Berlin Grüne streiten über die Verteilung des Reichtums

Berlin · Die Spitzenkandidaten Jürgen Trittin und Katrin Göring-Eckardt schwören die Partei auf einen harten Wahlkampf ein.

Locker-Sein ist normalerweise nicht die Stärke des Grünen-Spitzenkandidaten Jürgen Trittin. Zum Auftakt des Wahlprogrammparteitags am gestern Abend in Berlin probierte es trotzdem: "Die Überlänge des schwarz-gelben Films nervt schon, talentfreie Darsteller, echter Kassenflop. Bringen wir das zu Ende", erklärte er lässig, bevor er ans Rednerpult trat.

Die Grünen selbst zeigten sich in den vergangenen Tagen als geeignete Darsteller für öffentlichen Zank. In der Partei schwelt ein Streit um Vermögensteuer und Vermögensabgabe. Der baden-württembergische Ministerpräsident Winfried Kretschmann legte ausgerechnet zum Start des Parteitags in einem Interview mit der "Süddeutschen Zeitung" nach und warnte davor, mit den Steuerplänen Wirtschaft und Bürger zu überfordern.

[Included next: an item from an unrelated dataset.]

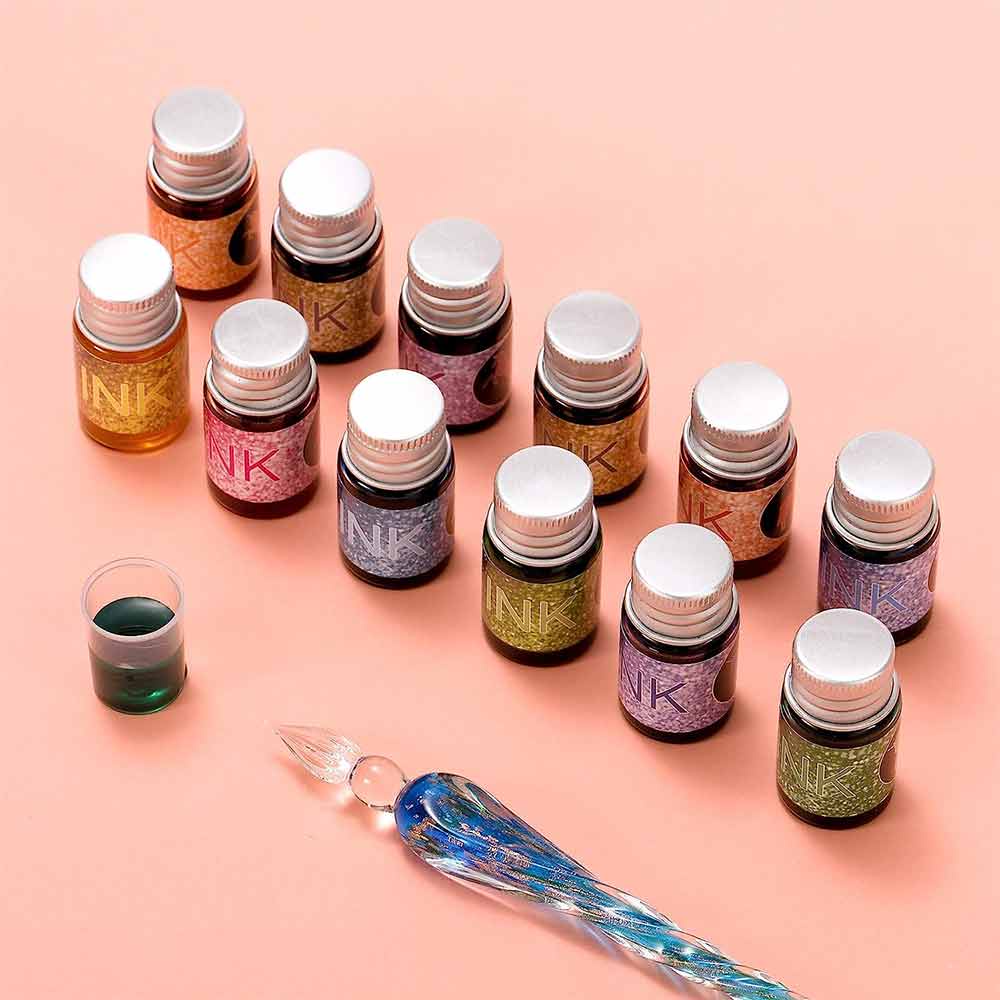 Dip Pen and Ink Set, Glass Dip Pen Set with 2 Calligraphy Crystal Pens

Trittin ging darauf nur indirekt ein und attackierte die Grünen-Kritiker aus der Wirtschaft. "Wir lassen es nicht durchgehen, dass die Interessen des reichsten Prozents der Gesellschaft als die Sorge des Deutschen Mittelstands verkauft wird", sagte er zur Verteidigung der Vermögensabgabe. Die Auseinandersetzung der Grünen um die Frage, wie eindeutig sie sich im Wahlkampf für ein Bündnis mit der SPD aussprechen sollen, ließ er auch außen vor, sagte nur, was die Grünen nicht wollen: "Mit solchen korrupten Amigos von der CSU koalieren Grüne nicht. Wir sorgen dafür, dass sie abgewählt werden."

Co-Spitzenkandidatin Katrin Göring-Eckardt wurde deutlicher: "Ich sage: Wir lassen uns nicht anbaggern", erklärte sie mit Blick auf Avancen der Union für ein schwarz-grünes Bündnis. "Wir machen einen Wahlkampf für echte Veränderungen und wir überlegen uns, mit wem die am besten gelingen können." Dies passe am besten mit der SPD. "Aber wir machen keinen Wahlkampf im Windschatten der SPD. Der Wind sind wir selbst." Immer wieder hämmerte sie den Delegierten das Motto des Parteitags ein: "Deutschland ist erneuerbar." Eine echte Absage an Schwarz-Grün klingt dennoch anders.

Während Trittin eher staatsmännisch, zurückgenommen und längst nicht so scharf wie sonst auftrat, gab sich Göring-Eckardt ungewohnt kämpferisch. Sie rief ihre Parteifreunde zum Durchhalten im Wahlkampf auf, auch wenn sie von den politischen Gegnern als "wirtschaftsfeindlich" denunziert würden. Zur Homo-Ehe sagte sie: "Früher waren die Grünen für die freie Liebe, heute wollen wir die Ehe für alle".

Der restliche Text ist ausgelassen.